1) Hives: Standard beehives
More two chambers
Price:
2) Bee Suits: Complete suit
Size: Medium
Price:
3) Natural honey: Natural Honey ( please advice mode of preservation)
Drum Size: 300/330kg Drum
Price:
Merchine
5) Extrator: Electric Honey Extractor merchine
Plain roller
Plain roller w/motor 220V
For the honey if you supply in a different container kindly specify with price and email me your prices on other items, minimum quantity your allow per order and available payment method you have. email me back with your number so i can follow up this order. thanks
I will be looking forward to hear from you soon.
Regards
Fred
+1514-600-0911
Lachine, Quebec

----------


## Neils

Trog, I haven't but my advice is ignore it and any follow on messages. If your email lets you, flag it as spam.

Don't reply to it, if nothing else you validate your email.

It smacks of a classic "419" scam attempt.

----------


## gavin

Nice to see that you got back safely from the pub, Neil.  He's a tall, handsome fellow if anyone is curious.

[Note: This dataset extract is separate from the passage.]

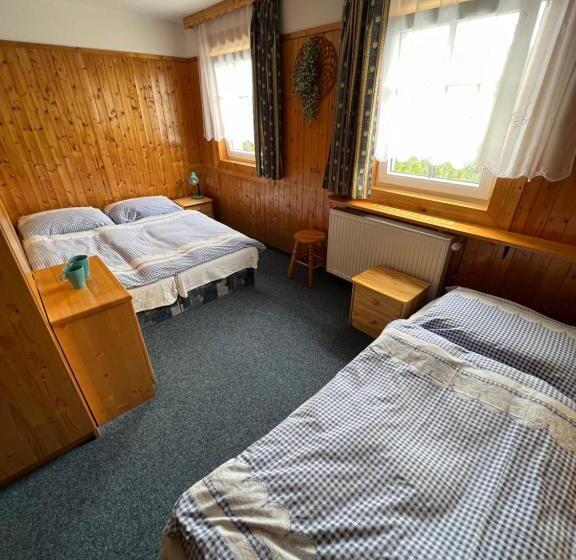 پانسیون Bílá Labuť Horský Hotýlek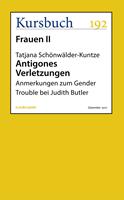   Antigones Verletzungen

Maybe Fred has managed to hack into the email system of one of those purveyors of beekeeping spam that emanates from Devon or the Scottish Borders or wherever.

----------


## chris

Although it's from Quebec, it's not the language of a French speaker translating. I agree with Nellie-it stinks.
Nellie, what's a 419 scam?

----------


## Trog

Fear not, Nellie, though it is better spelled than the usual 419 scam from Nigeria, I'm sure it's of the same ilk.  I get regular scams like this with the B & B, strangely from a group of Greek trainee priests wanting to spend two weeks 'in my country'.  According to the Oban Times, folk have fallen for that one, accepting an overpayment then sending a refund ... and the original payment then bounces.  I posted it in case anyone else had received similar.

----------


## Neils

> Although it's from Quebec, it's not the language of a French speaker translating. I agree with Nellie-it stinks.
> Nellie, what's a 419 scam?


They're the "help me embezzle millions of pounds of third world taxpayer's money from this country and I'll give you 10% for your trouble..." type emails.

419 is the section of Nigerian law that covers these sorts of scams if memory serves me right, I think it does technically outlaw them rather than encourage them.

----------


## Ruary

Yes, I got a copy of this, deleted it as fast as I could.

----------


## Feckless Drone

hi all - this is a big problem. Send the email to me, with full details of your bank account and I'll take care of it for you. For a fee of £50 I will also make sure you win the lottery of your choice. For a fee of £100 I'll post stuff about pesticides on.... maybe not!

FD

----------


## Jon

another feckless shill comes out of the woodwork!

----------


## Calum

Hi
I get them wanting to sell me hide gloves, from Afganistan! Not sure if it is a scamm, not bothered, fishermans orange or blue gloves are the best!

----------